Angiotensin-Receptor Blockers and Risk of Alzheimer’s Disease in Hypertension Population

Abstract
Although emerging evidence shows angiotensin-receptor blockers (ARBs) may have a beneficial effect against Alzheimer's disease (AD), the association is not consistent. We investigated the association between ARB use and the risk of development of AD using a nationwide, population-based cohort database in Taiwan. In total, 16,426 newly diagnosed hypertensive patients who were administered ARB without a previous diagnosis of AD were identified from the Taiwan National Health Insurance database. The comparison group consisted of hypertensive patients who did not receive ARB, and were matched to exposed individuals using propensity score by enrolled time, age, sex, and comorbidities. During an average of 5.24 ± 2.01 years of follow-up, a total of 1,031 cases (3.13%) of new AD occurred.
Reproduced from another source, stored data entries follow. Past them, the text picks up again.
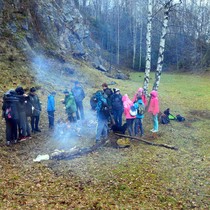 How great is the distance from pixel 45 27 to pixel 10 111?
17717 mm

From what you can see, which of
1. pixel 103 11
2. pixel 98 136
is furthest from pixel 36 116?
pixel 103 11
The log-rank test showed no significant difference in the AD occurrence rate between subjects exposed to ARBs and non-exposed controls [488 (2.97%) vs. 543 (3.29%), P=0.221]. After adjusting for age, sex, comorbidities, and medications, only advanced age [hazard ratio (HR) 1.12, 95% confidence interval (CI) 1.12-1.13, P<0.001), female sex (HR 1.18, 95% CI 1.04-1.33, P=0.011), diabetes (HR 1.53, 95% CI 1.31-1.79, P<0.001), but not ARB (HR 1.08, 95% CI 0.96-1.22, P=0.222) were independently associated with AD development. The use of ARB was not significantly associated with a reduction of risk of AD in Asian patients with essential hypertension.